See these qualities in them.  All it takes is recognition.

What do you want?  What do you want to see in the world?

What To Do When Relationships Seem Imbalanced

"But I'm doing all of this - I'm pouring love into the world and not getting it back.  What's wrong?  Why aren't things balanced?"

Your receiving is blocked because you do not see yourself as valuable and worthy of it.

Know you are worthy.  Love yourself.  See yourself with respect and know your integrity, even if it seems hidden to others.  Your confidence lays in how you treat yourself.

What are you enabling when you allow others to disrespect and devalue you?

What are you modeling as acceptable behavior when you accept this?  You are making it real by accepting it and not lovingly correcting it.

"How do I lovingly correct this imbalance?"

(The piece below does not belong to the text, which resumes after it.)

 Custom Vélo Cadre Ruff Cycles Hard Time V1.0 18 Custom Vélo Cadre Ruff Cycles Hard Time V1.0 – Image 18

Again, be the change you wish to see.

Your actions are the modeling that others need to see - but they may choose not to.  You still need to be true to them and also to yourself.

"How do I achieve this?"

Put yourself in their position.  If you needed your help, what would you want yourself to do about it?  Would you want to be treated with respect?  Treat them with loving respect, and treat yourself with loving respect.  Sometimes this means time apart so that they do not rely on you for keeping their own imbalance.  They may need other peoples' support, and you always can love them without bounds.  You simply do not wish to continue to enable their powerlessness, or jealousy, or denial, or anger, or fear.

"Will they be saved from themselves if I'm not there to help them?"

Yes, but you need to give them a chance to do this.  See in them how strong they can be and know that they really are.  

Know that all shall be well.

Sometimes it takes a long time for the person you love to detoxify from the noxious prison they've shrouded themselves in for so long.  Your love and devotion, patience and kindness will lend them strength.